For this 2012–13 Sustainability Report, Ford conducted an update of our materiality analysis, adding key inputs, replacing outdated inputs and gathering feedback from internal experts. In addition, a Ceres Stakeholder Committee reviewed this analysis and provided feedback. The analysis will be updated again for our 2014–15 report.

In the current analysis, climate change issues remained at the highest level of concern for Ford and external stakeholders. Water and supply chain issues, which rose to the highest level of importance for both Ford and external stakeholders in the last materiality analysis, remained highly important.

In addition, in the two years since our last analysis, some new issues emerged, some dropped out and others were recast or reorganized. Significant changes included the following:

  • Financial issues have been at the highest level of importance to Ford and external stakeholders for the past three materiality analyses (spanning six years). This year, for the first time since 2006, financial issues dropped to the mid level of concern for non-Ford stakeholders, moving them from the “top right” box of our materiality matrix to the “middle right” box. This is likely a reflection of Ford’s strong and consistent improvements in financial performance. Nonetheless, financial health remains a critical issue to Ford and a central focus of our overall strategy and everyday activities. Therefore, we will continue to report on it as a highly material issue in this report.

  • The governance issue of Ford’s strategy for addressing human rights in our own operations and throughout our supply chain increased to the highest level of priority for non-Ford stakeholders. This was due to increased importance of this issue to communities, investors and customers. This issue was already at the highest level of concern for Ford, but this change moves the issue to the “upper right” box of the material issues matrix. We already report on governance in detail in this Sustainability Report, including Ford’s approach to human rights, and we will continue to do so based on the increased importance of these issues to external stakeholders.

  • Water issues were reorganized to reflect water impacts in three key areas: on local communities; from and on Ford operations, and from Ford’s product design decisions. All three of these issues were of the highest concern to Ford and external stakeholders.

  • Vehicle safety moved down in importance to stakeholders to a medium level of concern but remained at the highest level of concern for Ford. This likely reflects a view that automakers, including Ford, are managing vehicle safety issues well.

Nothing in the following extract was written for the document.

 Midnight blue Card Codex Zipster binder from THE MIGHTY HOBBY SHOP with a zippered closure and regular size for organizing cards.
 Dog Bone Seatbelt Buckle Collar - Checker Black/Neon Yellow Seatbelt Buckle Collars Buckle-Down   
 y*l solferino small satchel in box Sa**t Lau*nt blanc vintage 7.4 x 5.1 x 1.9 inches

  • Supply chain issues, especially those related to the sustainability of raw materials and the environmental and human rights performance of suppliers, remained at the highest level of importance for Ford and other stakeholders. In this year’s analysis, a new category of supply chain issues was added relating to Ford’s approach to identifying and managing supply chain sustainability risks – including raw materials sustainability – and Ford’s process for promoting, assessing and remediating sustainability performance among suppliers.

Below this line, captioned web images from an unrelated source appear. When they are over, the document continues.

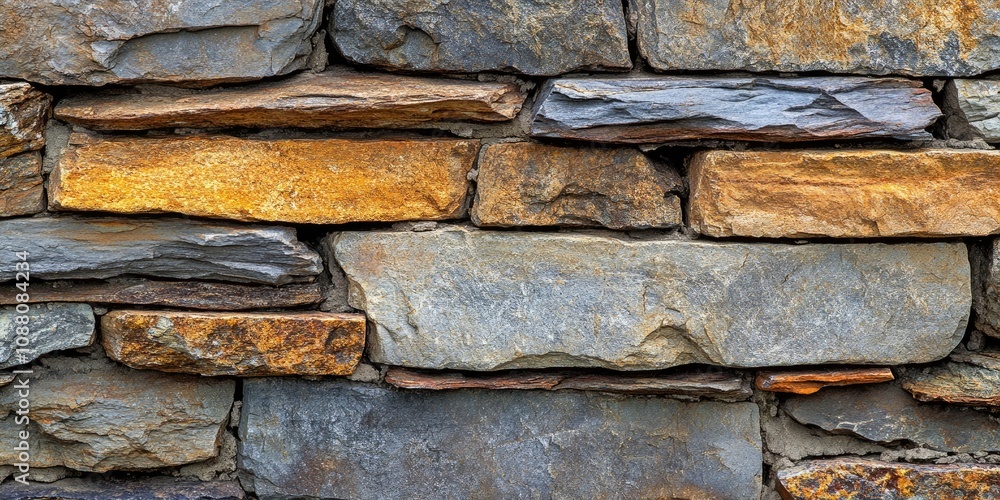 Poster detail of a rustic quartzite stone wall secured with cement and mud. copy space.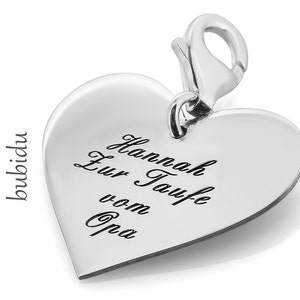 Breloque coeur gravé pendentif argent cadeau amour pendentif coeur argent 925 breloques créateur pendentif prénom image 2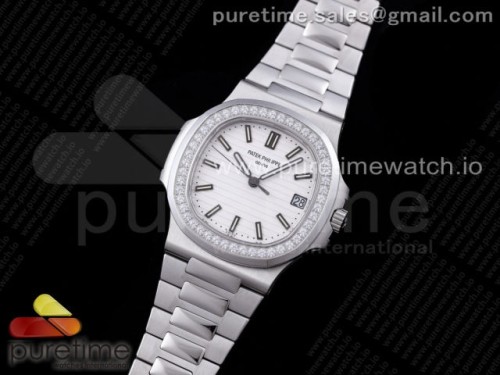 PP공장 V3 파텍필립 노틸러스 화이트다이얼 다이아베젤 브슬 _ Nautilus 57111A PPF 11 Best Edition White Dial Diamonds Bezel on SS Bracelet 324CS (Free box) V3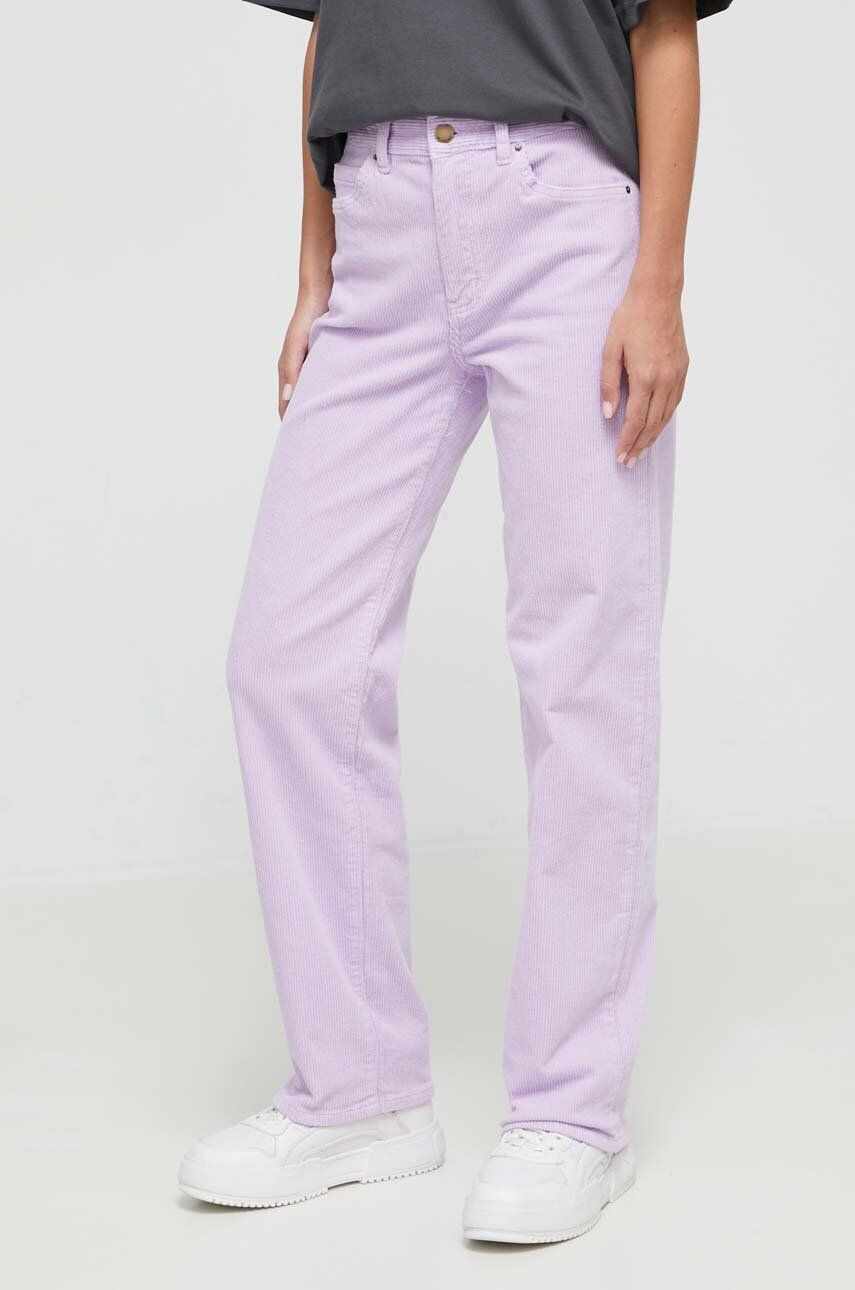 Billabong pantaloni de catifea cord culoarea violet, drept, high waist
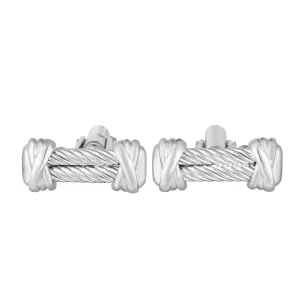 925 Sterling Silver Rhodium Textured Italian Cable Cufflink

  • Issues associated with Ford’s sustainability strategy, management and governance also increased to the highest level of importance for non-Ford stakeholders, moving this issue to the “upper right” box on the material issues matrix. In our last sustainability report, we reorganized and increased our discussion of Ford’s sustainability strategy, management and governance processes based on informal assessment that these issues were increasing in importance to Ford and Ford stakeholders. This analysis confirms those informal assessments.